Lucasarts' finest hour, and in my opinion the finest hour of the point and click adventure genre, period. Monkey Island 2 took everything that was great about the original and expanded it in all directions. Hand-painted locations scanned in and presented in gorgeous 256-colour VGA, the iMuse system providing an evocative, dynamic soundtrack, and of course all the favourite characters returning for another daft tale of pirates, romance and voodoo.
As in the first game, the main bulk of Monkey Island 2 set the player on a multi-threaded quest that could be completed in any order. This time locating and acquiring the four pieces of a map revealing the location of the fabled 'Big Whoop' treasure. A side order of kidnapping and another run-in with the fearsome pirate LeChuck was thrown in to round out Guybrush's woes.

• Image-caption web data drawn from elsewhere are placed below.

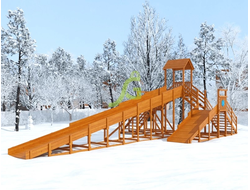 Зимняя деревянная горка "IgraGrad Snow Fox 12 м" с двумя скатами (две лестницы)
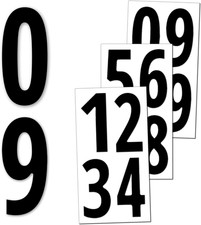 40 Pieces, 6" - Number Stickers, Waterproof Vinyl Stick on Numbers - Black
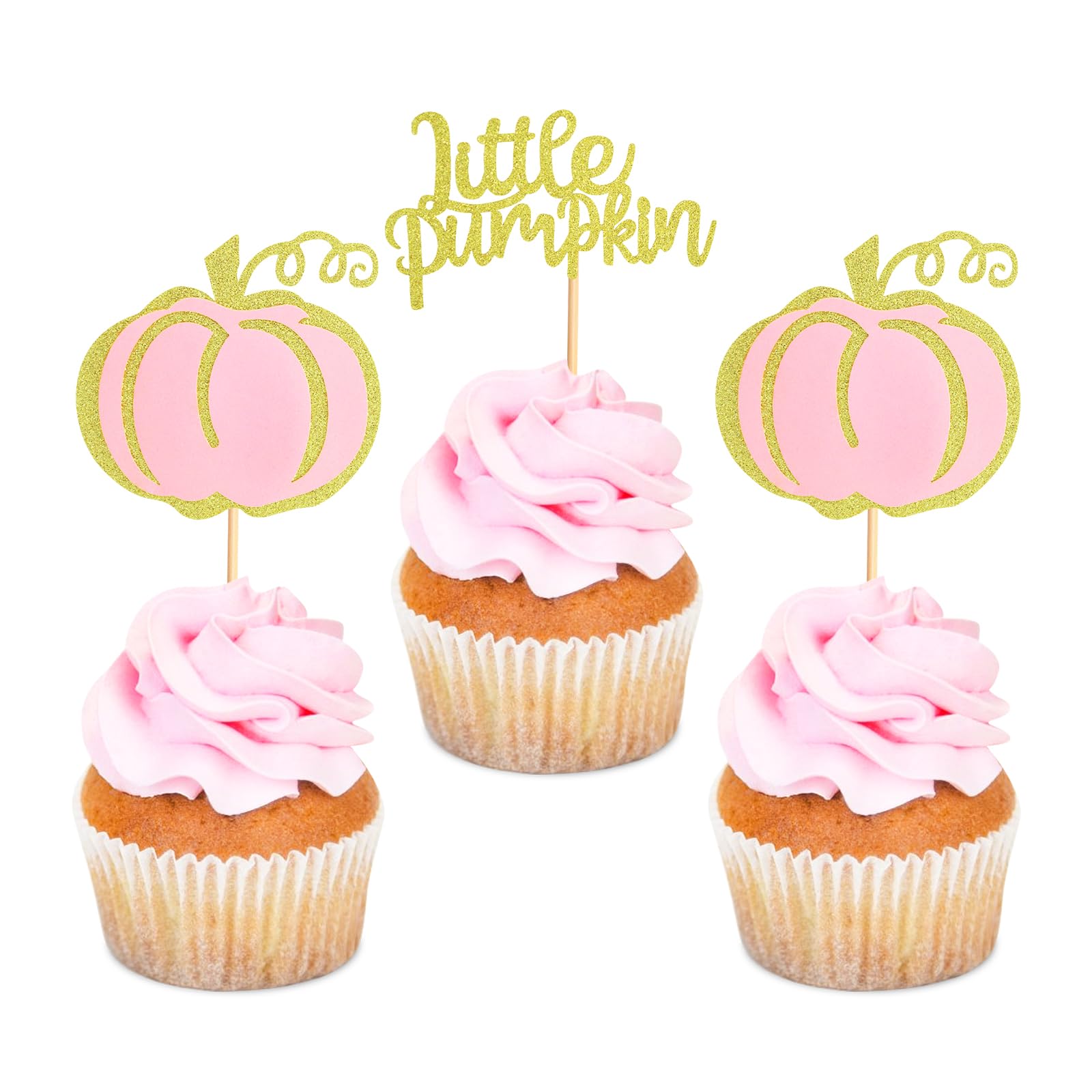 Keaziu 24 Pack Pink Little Pumpkin Cupcake Toppers Girl Baby Shower Decorations Pumpkin Birthday Decorations Cupcake Picks Pumpk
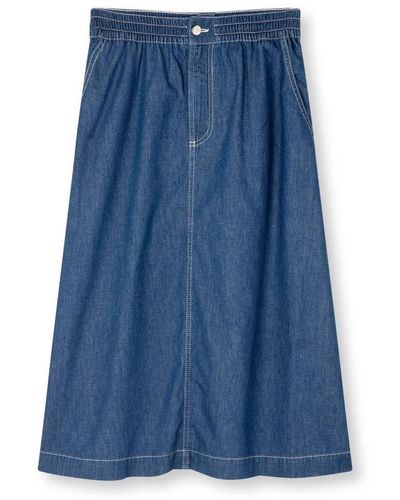 Mads Nørgaard Air denim falda a-line mid - Azul
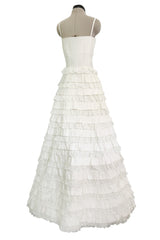 Dreamiest 2010s Valentino Off White Silk Wedding Dress w Tiered Ivory Lace & Ruffle Skirt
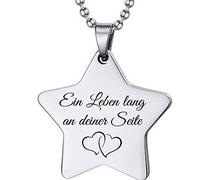 aplusashop Massiv ID Dog Tag Stern + Kugelkette Edelstahl mit Gravur nach Wunsch Anhänger Silber (Ohne Gravur)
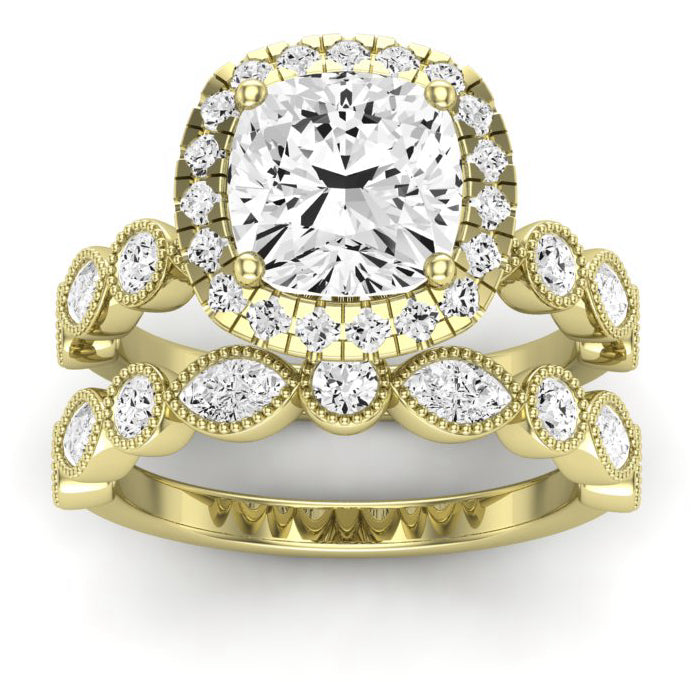 Aubretia Moissanite Matching Band Only (does Not Include Engagement Ring) For Ring With Cushion Center yellowgold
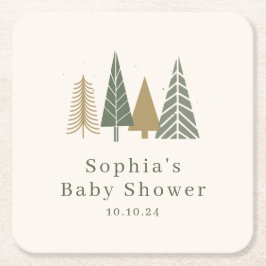 Posavasos Cuadrado De Papel Baby Shower de invierno verde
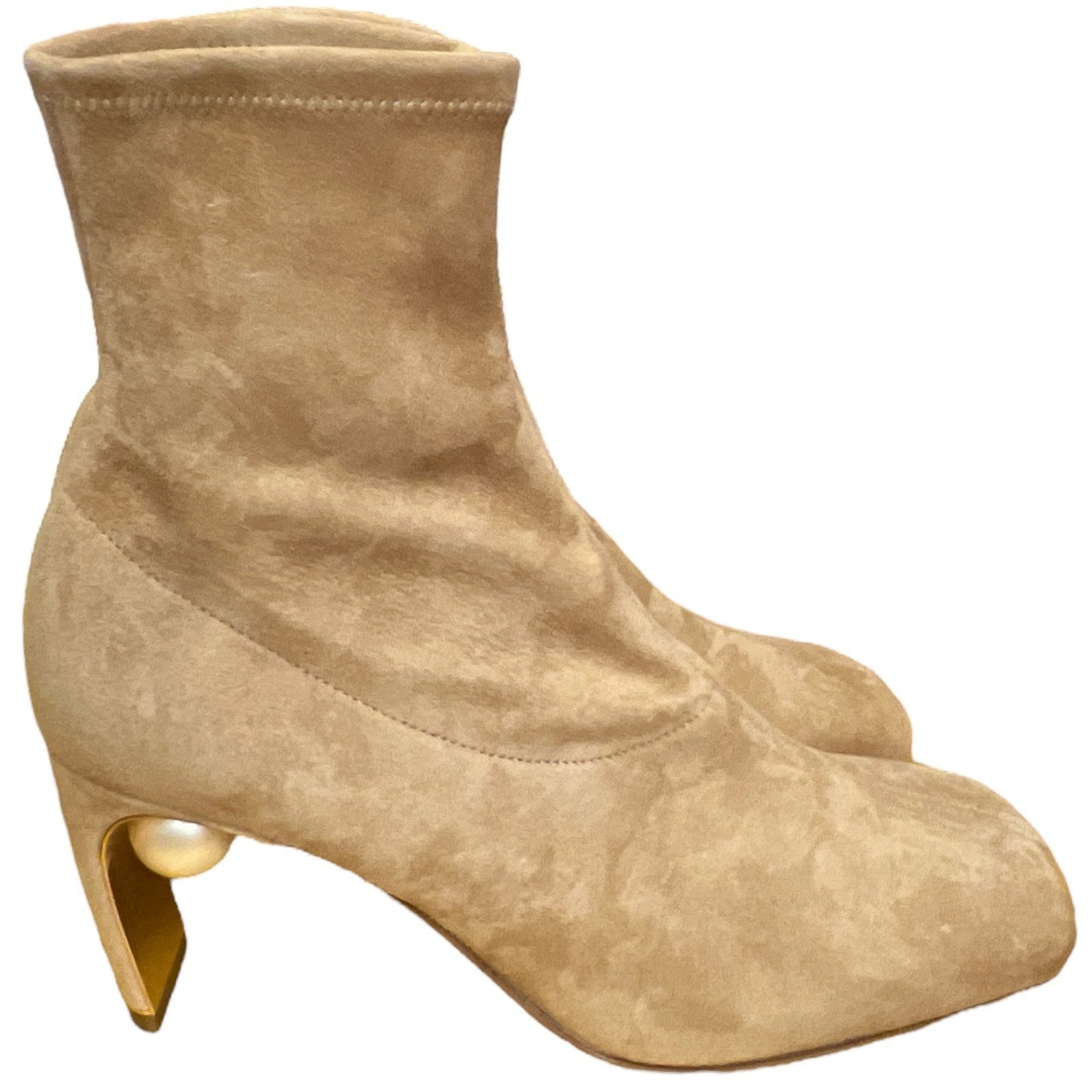 Luxury Ankle Boots for Women - Nicholas Kirkwood's Maeva Brown Stretch Suede - Prime Essentials
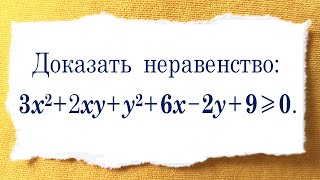 картинка: Путь к решению ➜ Доказать неравенство ➜ 3x²+2xy+y²+6x-2y+9≥0 ➜ Задача от Звавича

Monkey Island 2 was the game that made me suddenly very aware of how attractive PC games were becoming. I remember reading the review in ACE magazine and comparing it later to the screenshots of the Amiga version. While still very nice, the 32 colours of the Amiga couldn't really compare to the lush palette of the PC. It would be years before I could actually play it on the PC however, and I contented myself with the 11-disc extravaganza on an A500 with a single disc drive.
So many great moments! Striking a match in the dark to find yourself in a room full of dynamite, then dropping the match... finding a telephone in the jungle and calling the Lucasarts game hint hotline... contaminating a bowl of soup with a live rat, then ordering the soup, seeing the chef fired and taking his job on the spot (then leaving the kitchen via the window, salary advance in hand). There's barely a duff moment or flat punchline in the whole game, and as a result it's relentlessly entertaining from opening to end credits.